Ich kann kyrillische Schrift lesen, wenn auch nicht so flüssig wie die lateinische. Während ich bei den finnischen Internetseiten zumindest eine grobe Idee davon bekam, worum es ging, stand ich bei den russischen Seiten aber meist völlig auf dem Schlauch. Das Übersetzen mit den üblichen Diensten dauerte länger und war mühsamer. Außerdem waren viele der Informationen, die ich brauchte, kaum zu bekommen. Wie ist der Grenzschutz genau strukturiert? Welche Dienstgrade gibt es? Wo sind die Truppen stationiert? Wie sehen die Gebäude dazu aus? Manches davon bekam ich heraus, anderes nicht. Und je tiefer ich grub, desto größer wurde die Sorge: Was, wenn ich mir dadurch jetzt auch noch irgendwelche Geheimdienstler auf die Fersen hefte? Vielleicht verhalte ich mich mit meinen Suchanfragen zu auffällig? Manchmal wurde mir wirklich etwas mulmig.

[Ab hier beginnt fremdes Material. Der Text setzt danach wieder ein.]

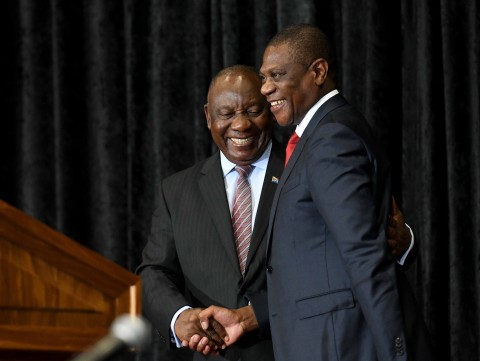 President Cyril Ramaphosa and Deputy President Paul Mashatile at the swearing in ceremony. 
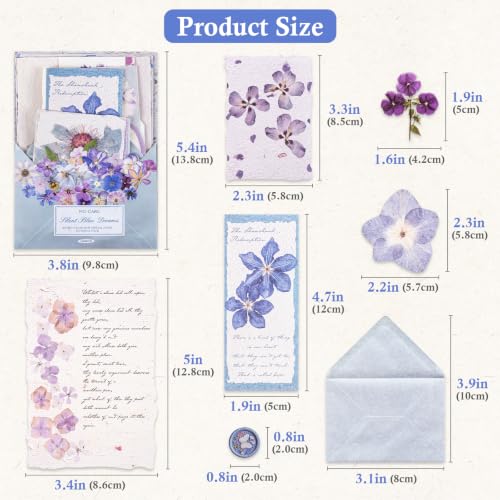 RISYPISY 100Pcs Floral Scrapbook Supplies Kit for Junk Journal - color: Blue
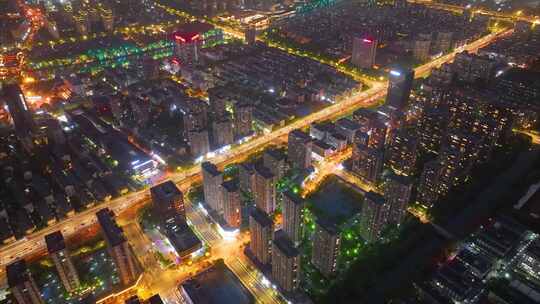 城市市区夜晚夜景车流城市风景航拍延时素材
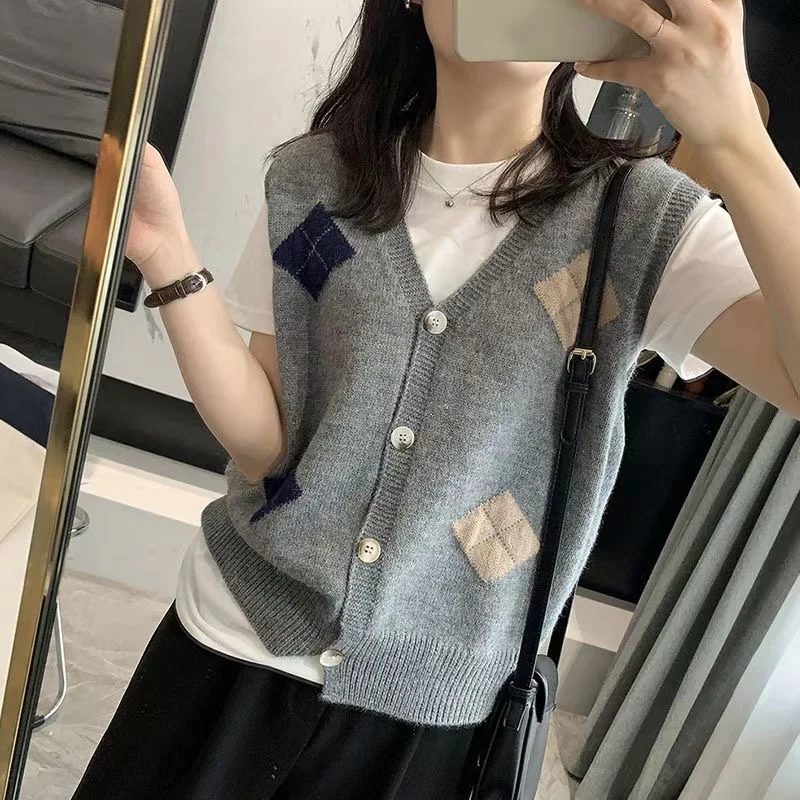 

Fashion Vintage Knitted Sweater Vest Women 2023 Cardigan Vests Casual Loose Sweater Sleeveless Autunm Winter Clothes Tops 28352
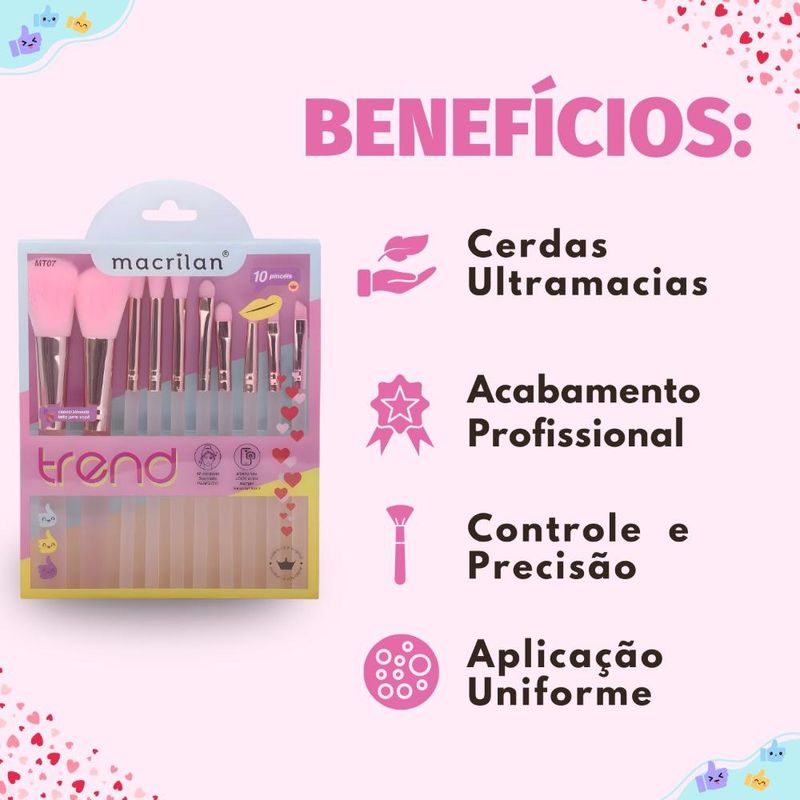 Kit Com 10 Pincéis Macrilan Trend Cores Variadas Mt07 - Época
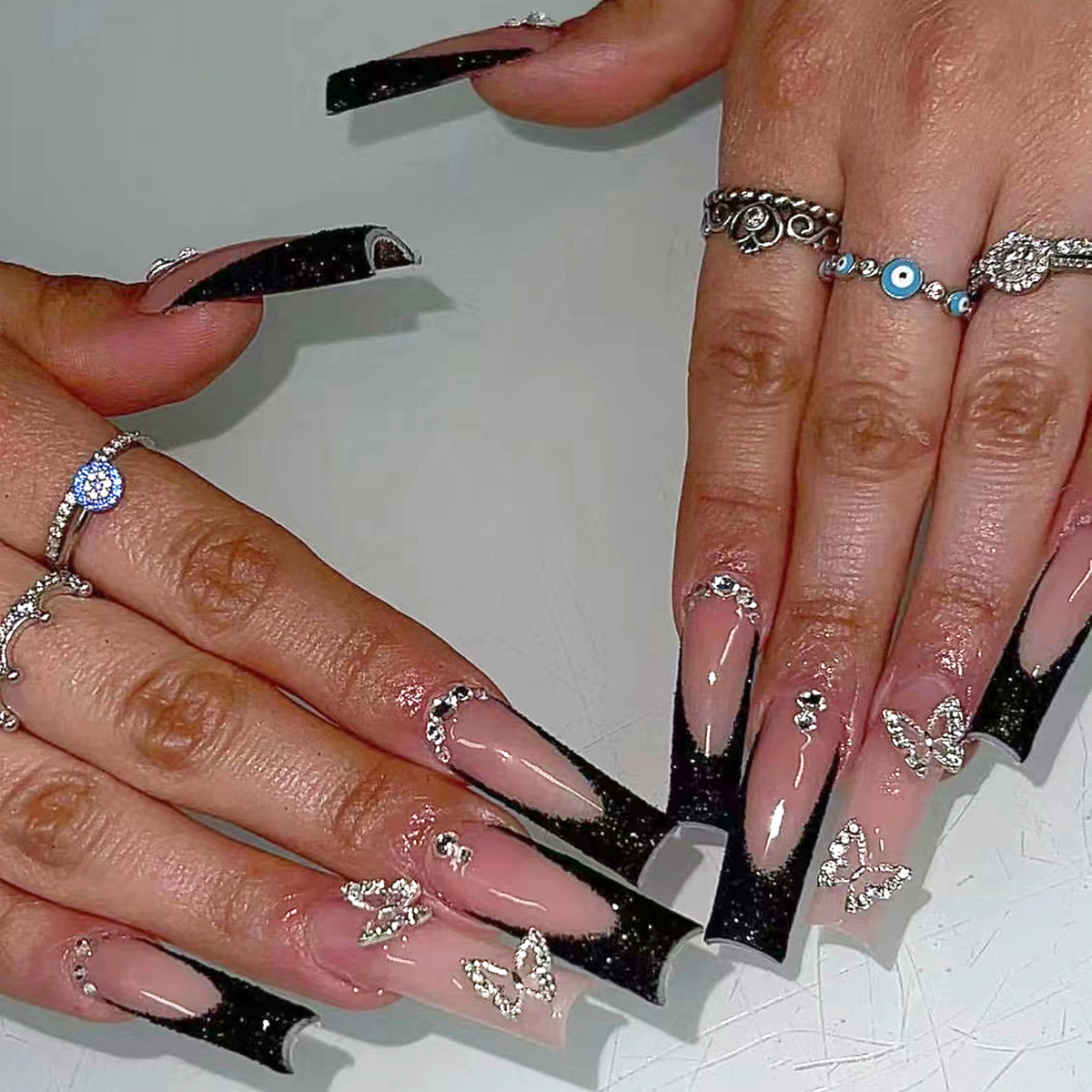 24 pièces noir français faux o - Nail Extension Tips avis et prix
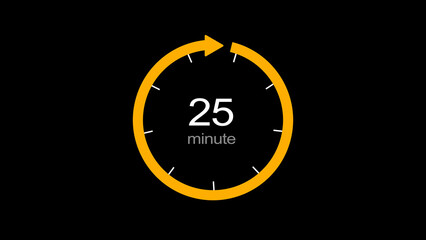 25 minutes isolated arrow clock illustration on white background.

Ich weiß nicht, wie viele Stunden ich mit solcher Recherche verbrachte, aber es waren etliche, und oft reichten sie bis tief in die Nacht hinein. Irgendwann jedoch kommt der Punkt, an dem man Recherche Recherche sein lassen und anfangen muss zu schreiben. Das fiel mir beim russischen Teil schwer, da ich das Gefühl hatte, nicht so authentisch darüber schreiben zu können wie über den finnischen. Dort steckt weitaus mehr Fantasie drin, und das lasse ich nun so stehen.

Aber irgendwann – wenn die politische Lage es wieder zulässt – werde ich mir die Grenze von der anderen Seite ansehen! Wer weiß, wozu mich das inspiriert?